__Information given__:
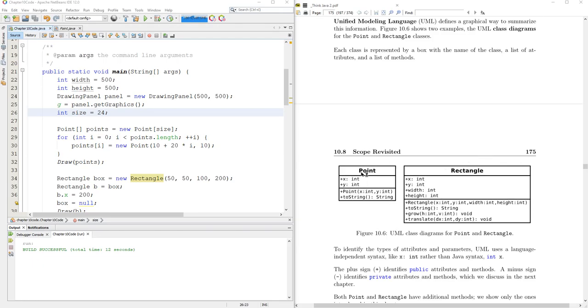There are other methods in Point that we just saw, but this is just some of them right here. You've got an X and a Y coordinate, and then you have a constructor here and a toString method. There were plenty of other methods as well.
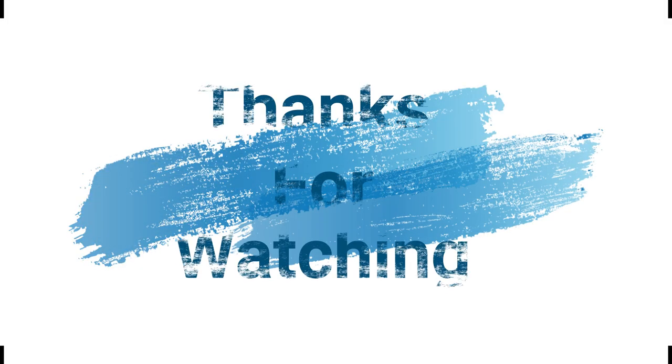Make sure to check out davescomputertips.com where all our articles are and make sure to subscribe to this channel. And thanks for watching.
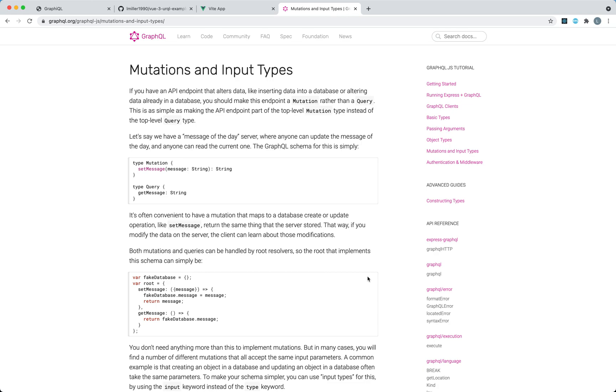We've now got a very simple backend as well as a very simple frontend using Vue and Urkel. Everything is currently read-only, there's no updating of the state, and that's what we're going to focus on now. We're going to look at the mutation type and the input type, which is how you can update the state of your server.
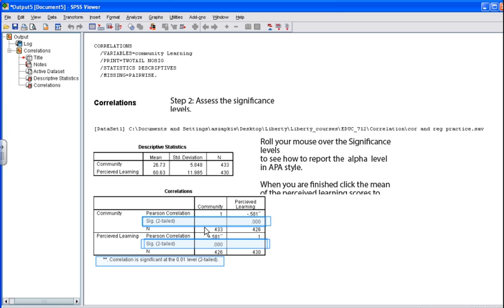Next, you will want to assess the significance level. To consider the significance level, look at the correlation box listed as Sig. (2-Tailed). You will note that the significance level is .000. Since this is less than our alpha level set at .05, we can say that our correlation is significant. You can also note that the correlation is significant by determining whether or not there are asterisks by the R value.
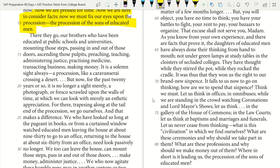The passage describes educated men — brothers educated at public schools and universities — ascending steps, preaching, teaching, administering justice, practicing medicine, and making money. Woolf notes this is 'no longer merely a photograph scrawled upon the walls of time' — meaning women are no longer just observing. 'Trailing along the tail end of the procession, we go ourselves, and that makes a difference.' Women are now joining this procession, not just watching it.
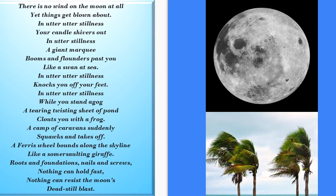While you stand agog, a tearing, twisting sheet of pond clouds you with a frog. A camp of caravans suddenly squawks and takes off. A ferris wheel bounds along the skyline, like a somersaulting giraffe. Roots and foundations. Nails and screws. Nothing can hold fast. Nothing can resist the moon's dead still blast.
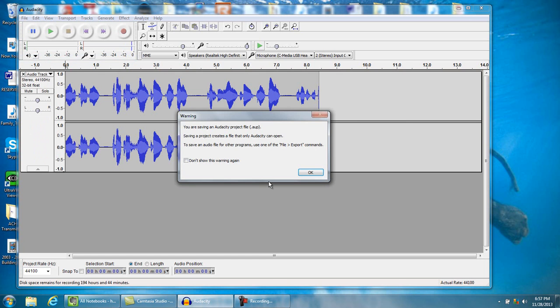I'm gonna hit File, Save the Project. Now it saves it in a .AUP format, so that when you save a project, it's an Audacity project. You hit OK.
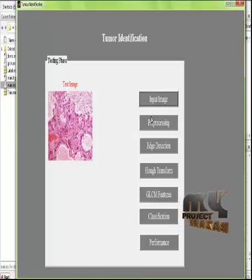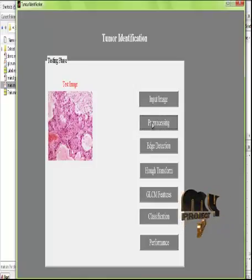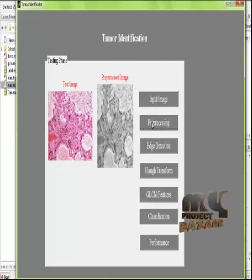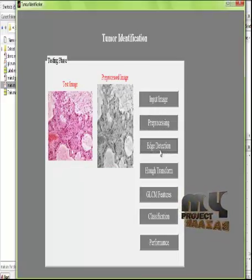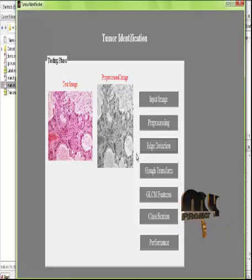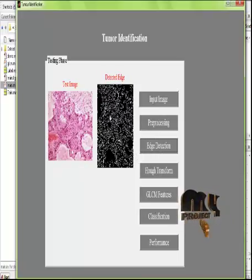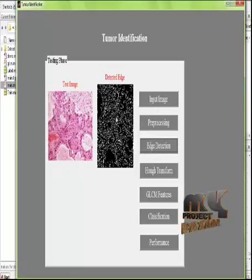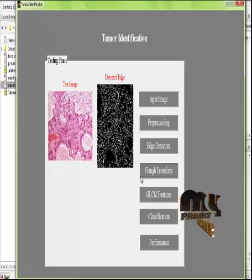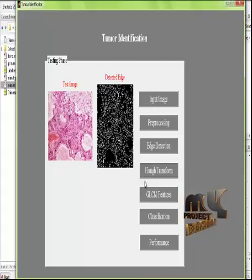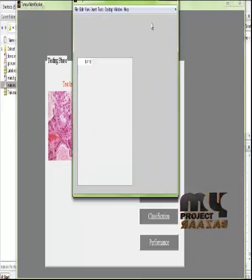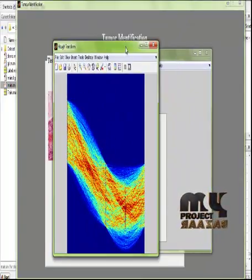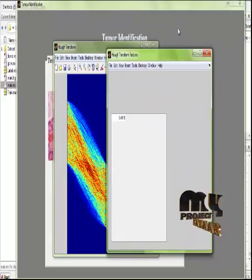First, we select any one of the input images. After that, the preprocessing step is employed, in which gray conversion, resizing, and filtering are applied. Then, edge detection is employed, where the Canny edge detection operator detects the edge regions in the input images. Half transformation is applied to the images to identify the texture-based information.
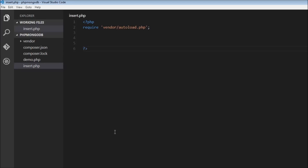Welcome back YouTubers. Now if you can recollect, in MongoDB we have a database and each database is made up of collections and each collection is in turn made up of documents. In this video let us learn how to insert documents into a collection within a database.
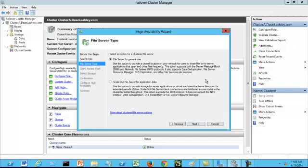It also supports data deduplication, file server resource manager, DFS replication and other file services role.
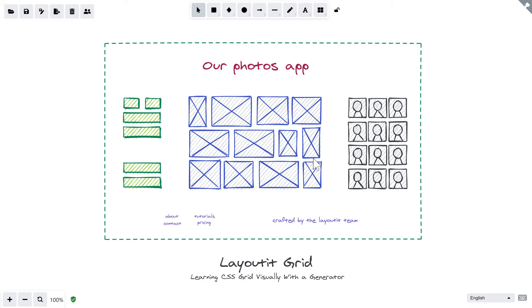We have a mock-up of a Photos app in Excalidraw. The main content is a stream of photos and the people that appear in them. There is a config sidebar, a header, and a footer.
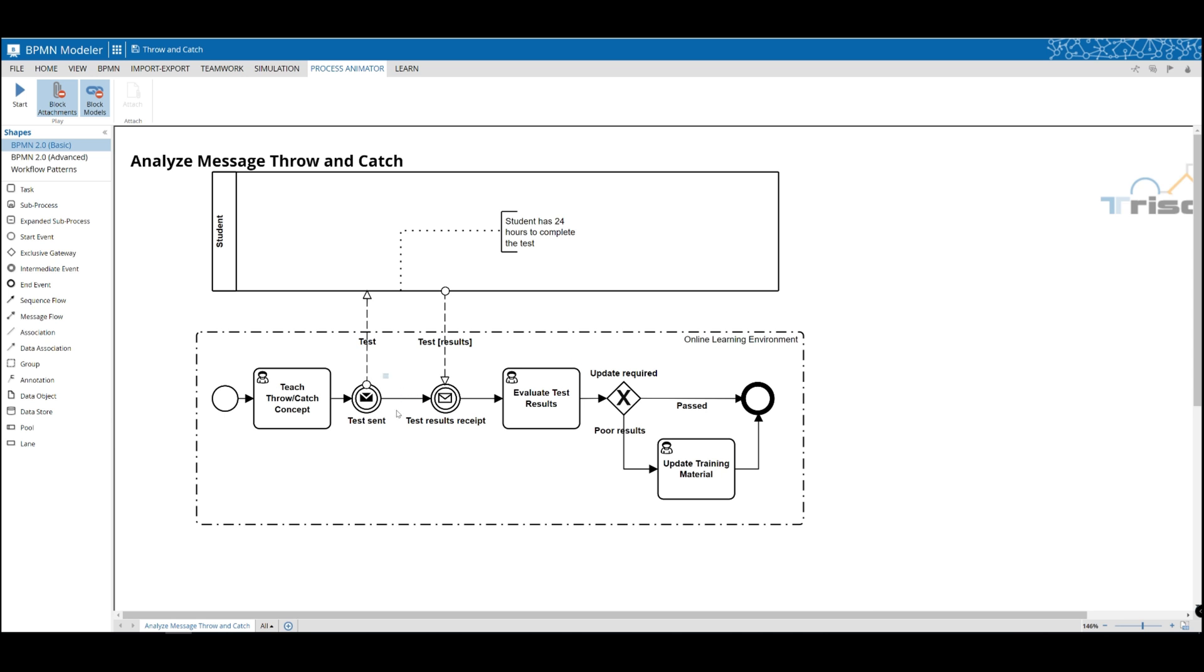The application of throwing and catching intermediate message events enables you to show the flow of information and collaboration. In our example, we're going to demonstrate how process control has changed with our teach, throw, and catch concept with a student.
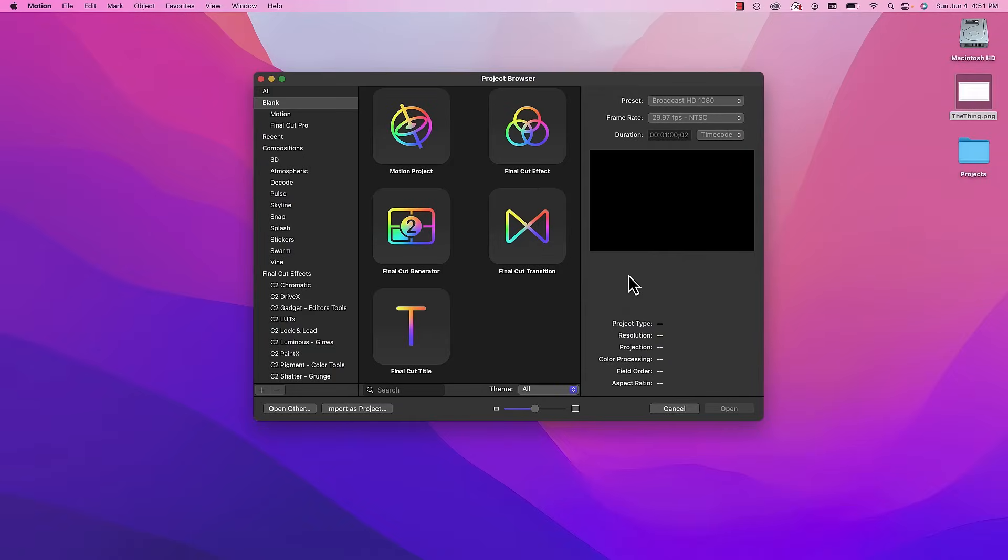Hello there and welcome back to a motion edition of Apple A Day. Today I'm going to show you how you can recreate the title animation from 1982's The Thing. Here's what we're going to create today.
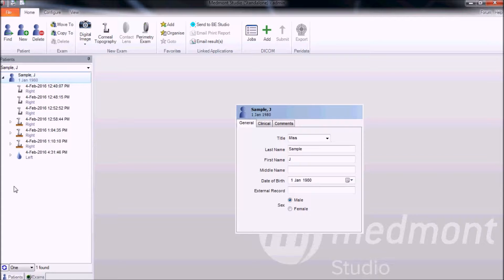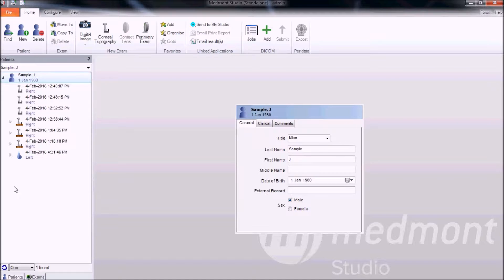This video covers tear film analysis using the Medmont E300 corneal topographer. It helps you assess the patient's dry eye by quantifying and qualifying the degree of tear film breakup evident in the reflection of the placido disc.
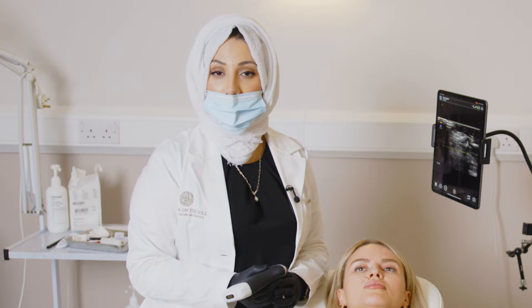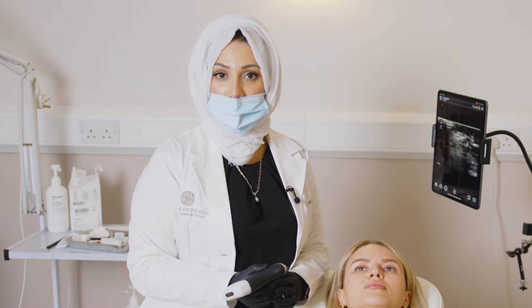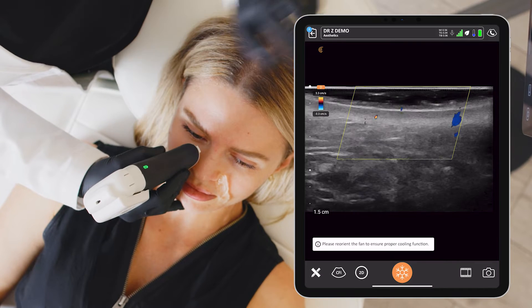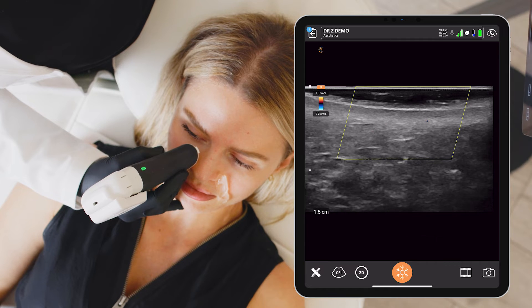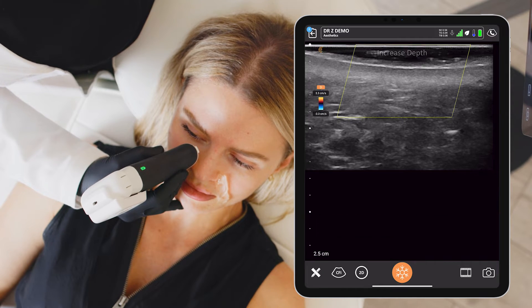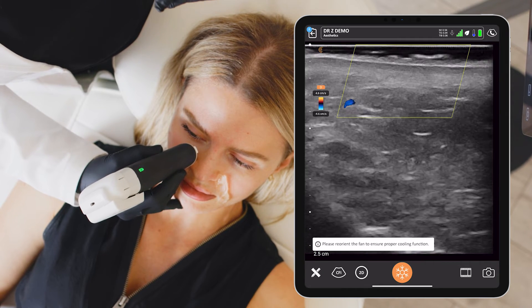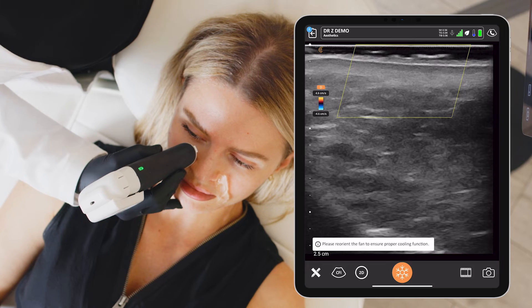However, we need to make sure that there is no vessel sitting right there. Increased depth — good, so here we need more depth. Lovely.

__Directions for this task__: The answer must be an exact copy of the lines above, from the start of the records through the line with "Make sure to check", and of nothing else; no pictures belong in it.

__Written answer__:
There are other methods in Point that we just saw, but this is just some of them right here. You've got an X and a Y coordinate, and then you have a constructor here and a toString method. There were plenty of other methods as well.
Make sure to check out davescomputertips.com where all our articles are and make sure to subscribe to this channel. And thanks for watching.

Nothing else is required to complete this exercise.